Residual Power Series Method for Fractional Swift–Hohenberg Equation

• Published in: Fractal and fractional Vol. 3; no. 1; p. 9
• Main Authors: Prakasha, D. G., Veeresha, P., Baskonus, Haci Mehmet
• Format: Journal Article
• Language: English
• Published: Basel MDPI AG 01.03.2019
• Subjects: Calculus; Caputo fractional derivative; Dispersion; Efficiency; Exact solutions; fractional Swift–Hohenberg equation; Partial differential equations; Power series; Probability density functions; residual power series method; Taylor series
• ISSN: 2504-3110; 2504-3110
• DOI: 10.3390/fractalfract3010009

In this paper, the approximated analytical solution for the fractional Swift–Hohenberg (S–H) equation has been investigated with the help of the residual power series method (RPSM).
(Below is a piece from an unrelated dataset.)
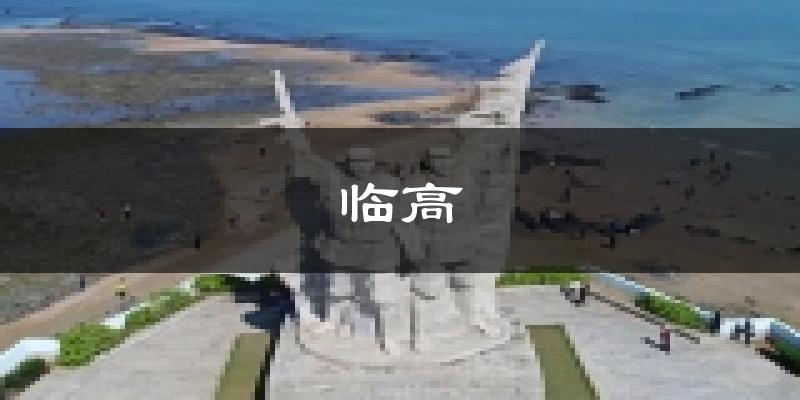 临高天气预报未来一周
To ensure the applicability and efficiency of the proposed technique, we consider a non-linear fractional order Swift–Hohenberg equation in the presence and absence of dispersive terms. The effect of bifurcation and dispersive parameters with physical importance on the probability density function for distinct fractional Brownian and standard motions are studied and presented through plots. The results obtained show that the proposed technique is simple to implement and very effective for analyzing the complex problems that arise in connected areas of science and technology.